One word: Friendship. FRIENDSHIP. (And some spendin' money, but friendship
first and foremost)
You see, one of my dearest friends of long-term duration is doing a kitchen remodel, and hired Biff to do it. "Hang on," you might also be saying (while interrupting the flow of my storytelling). "Kitchen does not equal deck, so what's the story here?"
The story is that first things must be first, and the First Thing in the kitchen remodel plan was to replace the charmingly rickety deck out back so that when the remodel time arrives the workfolk won't have to be toting large amounts of heavy and unwieldy stuff up carnival-ride steps and delightfully bouncy probably semi-rotten decking. It's about safety, really, both for the workfolk and for my buddy and her daughter. Can't have someone falling through unexpectedly!! That's lawsuit territory!
And thus we began our work, confident that by Monday we would have conquered this initial task on the path to her new kitchen. It's not a very big deck, so how hard could it be, after all?
Famous last words, of course. Highly amusing, in retrospect, that level of innocence.
It wasn't unexpected that there was going to be some repair work done on part of the deck, as it was rather bouncy and in some places outright squishy. That was on the radar going in. What WAS kind of cute to discover that the original deck served as the ceiling
for part of her basement, allowing moisture and dirt right into her house. Isn't that adorable? Just whang down some deck boards and who cares about little things like being weather-tight, right? Pish-tosh on your notions of ensuring the boards don't rot out from accumulated years of exposure to moisture, that's something for future generations to address! That bit, the deck-as-ceiling-is-not-ideal issue, was primo on the list of things that needed fixing as you might imagine. Good thing Biff is kind of a genius and came up with what should be a nicely elegant solution to the problem that will keep her basement from the elements for many years to come. It just took some extra time devising the scheme, then figuring out how to best deploy said clever solution. Nothing is ever as simple as it should be.
Throughout the weekend's process I tried to be as helpful as possible, but all I'm really good for is fetching things, holding a tape measure, and using an impact driver.

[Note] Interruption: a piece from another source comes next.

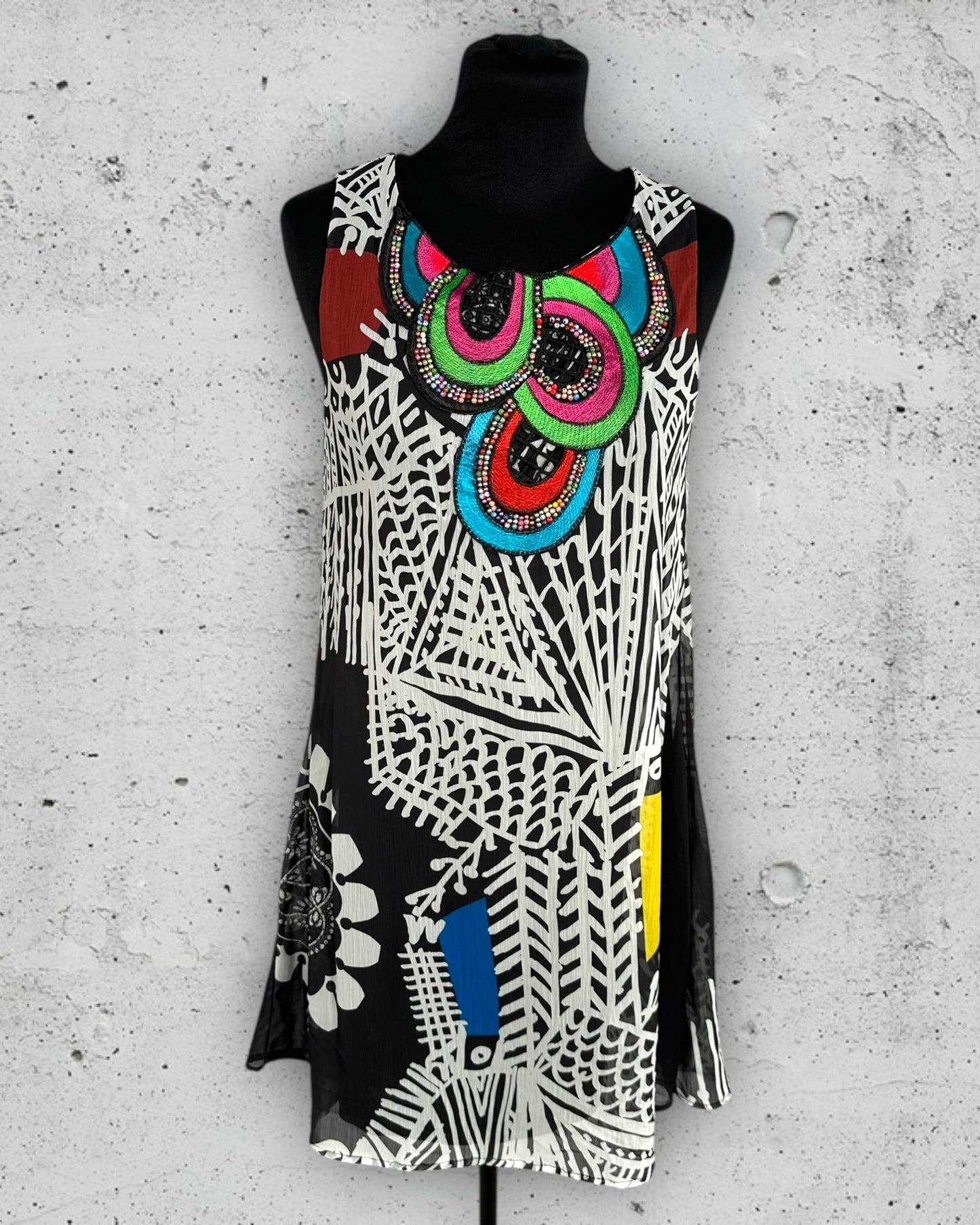 Robe Desigual ( M / 38 / 10 )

OK, I did also prepare meals, which is a strong positive on a jobsite. I also learned how to use a post-hole digger (the clampy kind, not the spinny kind), which is not as much fun as you might think and involves lots of upper-body work, which I apparently desperately need given my staggeringly weak performance digging said holes. It would likely have gone faster if I'd hired a troupe of trained squirrels to remove the dirt tiny handful by tiny handful. A humbling experience. Even so, I did give it my best, and thought for SURE I'd be very sore today between wrangling that awkward piece of equipment and using the very heavy smashy stick (tech speak, yo) to bust up the clumps of brick and concrete that were in the space here we wanted our new hole to be, but nope, apparently I wasn't trying hard enough because there's not as much pain as I'd imagined there would be in the shoulder region. The bits that are talking more loudly are my hips and knees - because of all the stairs involved in getting up and down for fetchery or screwery (the deck-ish sort!) or cookery or bathroomery (they're on the top floor of her house) or simply to get into the house. We are very much not used to all those stairs, which is another point to consider improving upon in my newly-evolving Get Thee Back Into Shape Plan, version eleventy-hundred. And also - my thumbs hurt. There is no clear explanation for this, and no way to work it into the GTBISP.
Achery aside, in the end it feels good to build things, to improve in a tangible way something that needed improvement, and when it's for a very good friend who appreciates the work and lets you sleep in her very own personal bed while she takes a mattress on the floor of her daughter's room, well it's a pretty good gig to have. Even with the sore thumbs.
How did y'all spend YOUR holiday weekend?